Records for this task START
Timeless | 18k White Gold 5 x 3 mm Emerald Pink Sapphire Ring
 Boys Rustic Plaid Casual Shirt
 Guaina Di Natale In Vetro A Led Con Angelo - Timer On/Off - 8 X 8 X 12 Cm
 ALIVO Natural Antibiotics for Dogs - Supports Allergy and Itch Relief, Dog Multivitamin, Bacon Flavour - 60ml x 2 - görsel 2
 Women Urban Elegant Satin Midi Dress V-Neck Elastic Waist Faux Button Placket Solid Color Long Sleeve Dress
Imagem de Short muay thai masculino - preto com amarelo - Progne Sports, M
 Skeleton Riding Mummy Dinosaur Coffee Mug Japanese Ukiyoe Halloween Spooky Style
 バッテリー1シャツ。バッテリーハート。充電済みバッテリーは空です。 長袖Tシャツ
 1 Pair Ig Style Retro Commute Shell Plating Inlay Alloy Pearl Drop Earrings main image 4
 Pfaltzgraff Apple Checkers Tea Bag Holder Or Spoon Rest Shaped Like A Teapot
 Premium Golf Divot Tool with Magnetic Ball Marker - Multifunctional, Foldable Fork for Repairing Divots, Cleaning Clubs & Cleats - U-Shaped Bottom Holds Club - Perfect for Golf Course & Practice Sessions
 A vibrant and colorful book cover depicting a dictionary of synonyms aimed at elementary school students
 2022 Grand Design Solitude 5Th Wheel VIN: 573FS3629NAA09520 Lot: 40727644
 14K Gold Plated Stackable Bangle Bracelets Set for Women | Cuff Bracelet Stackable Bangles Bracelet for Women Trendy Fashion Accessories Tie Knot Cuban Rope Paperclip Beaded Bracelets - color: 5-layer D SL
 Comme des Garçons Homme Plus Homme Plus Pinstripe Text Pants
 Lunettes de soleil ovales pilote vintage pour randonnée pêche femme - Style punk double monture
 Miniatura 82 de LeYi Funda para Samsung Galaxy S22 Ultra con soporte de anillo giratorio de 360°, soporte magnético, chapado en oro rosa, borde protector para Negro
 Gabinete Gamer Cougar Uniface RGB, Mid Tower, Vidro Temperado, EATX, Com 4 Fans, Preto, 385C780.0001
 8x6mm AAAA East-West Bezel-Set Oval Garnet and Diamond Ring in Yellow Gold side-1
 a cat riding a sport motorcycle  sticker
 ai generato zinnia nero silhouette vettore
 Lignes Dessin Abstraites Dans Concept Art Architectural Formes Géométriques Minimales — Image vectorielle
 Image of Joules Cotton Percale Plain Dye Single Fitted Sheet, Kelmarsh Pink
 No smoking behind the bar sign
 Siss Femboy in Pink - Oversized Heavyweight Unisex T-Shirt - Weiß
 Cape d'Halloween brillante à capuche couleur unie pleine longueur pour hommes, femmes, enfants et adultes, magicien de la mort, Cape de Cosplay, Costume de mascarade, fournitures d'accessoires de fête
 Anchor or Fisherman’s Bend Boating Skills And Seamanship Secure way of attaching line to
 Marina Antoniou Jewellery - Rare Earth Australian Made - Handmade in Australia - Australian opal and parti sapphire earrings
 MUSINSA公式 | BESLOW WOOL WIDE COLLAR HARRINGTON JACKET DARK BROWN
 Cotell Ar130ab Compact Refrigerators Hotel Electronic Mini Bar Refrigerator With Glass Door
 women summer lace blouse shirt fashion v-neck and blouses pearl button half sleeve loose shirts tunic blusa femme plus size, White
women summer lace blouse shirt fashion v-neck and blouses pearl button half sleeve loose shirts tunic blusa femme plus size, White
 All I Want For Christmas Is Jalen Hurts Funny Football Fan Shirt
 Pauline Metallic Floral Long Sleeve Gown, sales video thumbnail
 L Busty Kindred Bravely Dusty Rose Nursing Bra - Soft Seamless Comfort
Records for this task END
Exercise objective: Given the data above, which lines hold the string "Style"? Return them.

Task solution:
 Skeleton Riding Mummy Dinosaur Coffee Mug Japanese Ukiyoe Halloween Spooky Style
 1 Pair Ig Style Retro Commute Shell Plating Inlay Alloy Pearl Drop Earrings main image 4
 Lunettes de soleil ovales pilote vintage pour randonnée pêche femme - Style punk double monture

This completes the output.